緑のコトノハ

活字が好きな人間です。

零度

2021年11月29日月曜日

 

(ハイライトだけ)

 

匂いと言うのは一体何なのだろう。

 

物凄く、物凄く、大きな人と寝た。
巨大、と言ってもいいと思う。

 

事実は小説よりも奇なり、みたいな人生。

 

寝たと言っても行為以前の問題で、避妊具すら装着できない程に大きい。
装着できたとてこの身におさまるわけがないと思った。

外国製のものがいいのではないか、相手は経産婦がいいのではないか、と伝えた。

 

「お願いします。」
「すべすべだ…綺麗です。」
「本当にありがとうございました。

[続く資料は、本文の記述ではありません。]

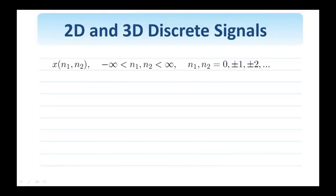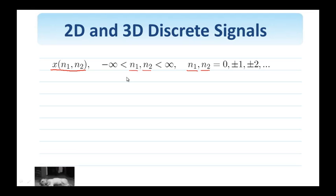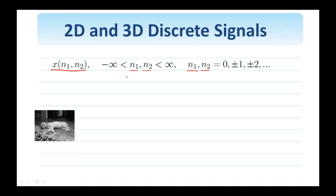Let us first establish some notation and conventions when we deal with 2D and 3D discrete signals. Let x(n1, n2) be a two-dimensional signal. n1 and n2 are the independent variables; they are integers and take values 0, ±1, ±2, and so on. Mathematically speaking, a signal — an image — can have infinite support, meaning the values that n1 and n2 take range from minus infinity to plus infinity. When it comes to the orientation of the axes, I can use n1 as the horizontal axis and n2 as the vertical one, which is how we are used to representing functions in calculus.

」

娼婦はこのような気持ちだろうか。

 

これを繰り返すと比喩的に汚れていくと言われるけれど、自分の場合は全く逆である。

どんどん研ぎ澄まされていく。

どんどん自分と外界を隔てる壁が強固になっていく。

心と身体の別離。

修行みたいだ、と思う。

堅い殻がもう少しで完成しそうだ。

殻の中は、とても静謐で完結した世界。

 

ホテルを出てYさんのアパートへ忘れ物を取りに行く。
車で待っているとお疲れ様です、と無垢の笑みで窓を叩くYさん。
それまで凍えていた心が急に温かくなった気がした。

 

帰宅してからは染みついた匂いに悩まされた。

腹痛と悪寒に苦しみ、今日のことを肉体は嫌がっていたのだと知る。

ごめんね、もう少しだから、と自分も知らない言葉が出る。

 

自室にはサメとクマたちがいる。

安心してしまう。

 

匂いと言うのは一体何なのだろう。